After the device is accepted as a Thing, the following appears:
I am not sure what to expect. I think that there should only one scene activation entry. When I push the different switches on the WALLC-S, both the scene activation numbers are changing simultaneously.
All scenes of the three groups are reported.
The dimmer configuration seems to be correct. However it is not updated when I push the buttons. In the log some error warning is shown:
@dries_dokter: Sorry for a short hijack of this thread: When I use your commands to get a separate zwave.log, I indeed will get an own log, but (nearly) all zwave commands are also still logged in the openhab.cfg. Can you confirm this?
Until now I only have made a restart of the openhab service. Maybe I need a full reboot?
The device was recognized after a manual wake-up. First as an unknown device. After the wake-up it became a WALLC-S. Tomorrow I will repeat the test and provide a zwave log file.
I hate to say it, but it’s topics like this that make me wary of trying zwave rather than just simple Wi-Fi devices that have always just worked for me.
I wonder what actual proportion of zwave installs are so problematic? I’d this just a rare case, or is it just really hit and miss? I’ve never once had problems with wemo or wireless tag devices.
I think it is either: me doing something wrong / something not quite as it should be in OH2 / both at the same time. Nothing to do with the principle of zwave.
Looking at how things work in OH1.8 (without any problems, repeatable) I gladly recommend zwave devices to anyone.
Looking at how things could work in OH2: it looks even better than OH1.8… Great thing about zwave: you have all these devices from different manufacturers that all use the same protocol…
But then again, the great thing about OH is: you can pick whatever you want and integrate it to your system…
So, I think the problem is still what I said earlier - when the NIF is received, the binding treats this as a wakeup and sends the request to set the parameter.
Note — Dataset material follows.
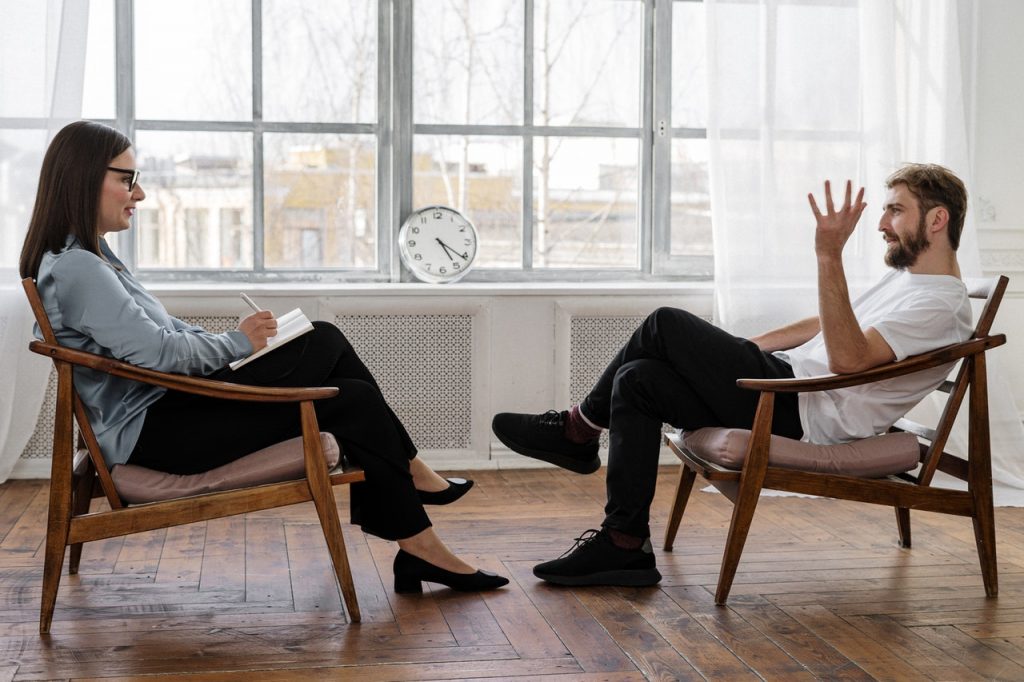 Egy férfi és egy nő beszélget coaching ülés közben.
I don’t think that the device is really awake at this stage, so it isn’t received. In OH1, when the WAKEUP is received, the binding retries the message immediately and we get a response, but in OH2, it doesn’t retry and it times out.
It’s the only difference I can see. In both cases the binding sends exactly the same data, so I don’t think it’s related to what is sent, but more likely, when it is sent.
@chris, I understand your analysis. Looking at the log, that indeed appears to be happening…
But how, in your opinion, would I (we) deal with this? What is your proposal on that (if any)?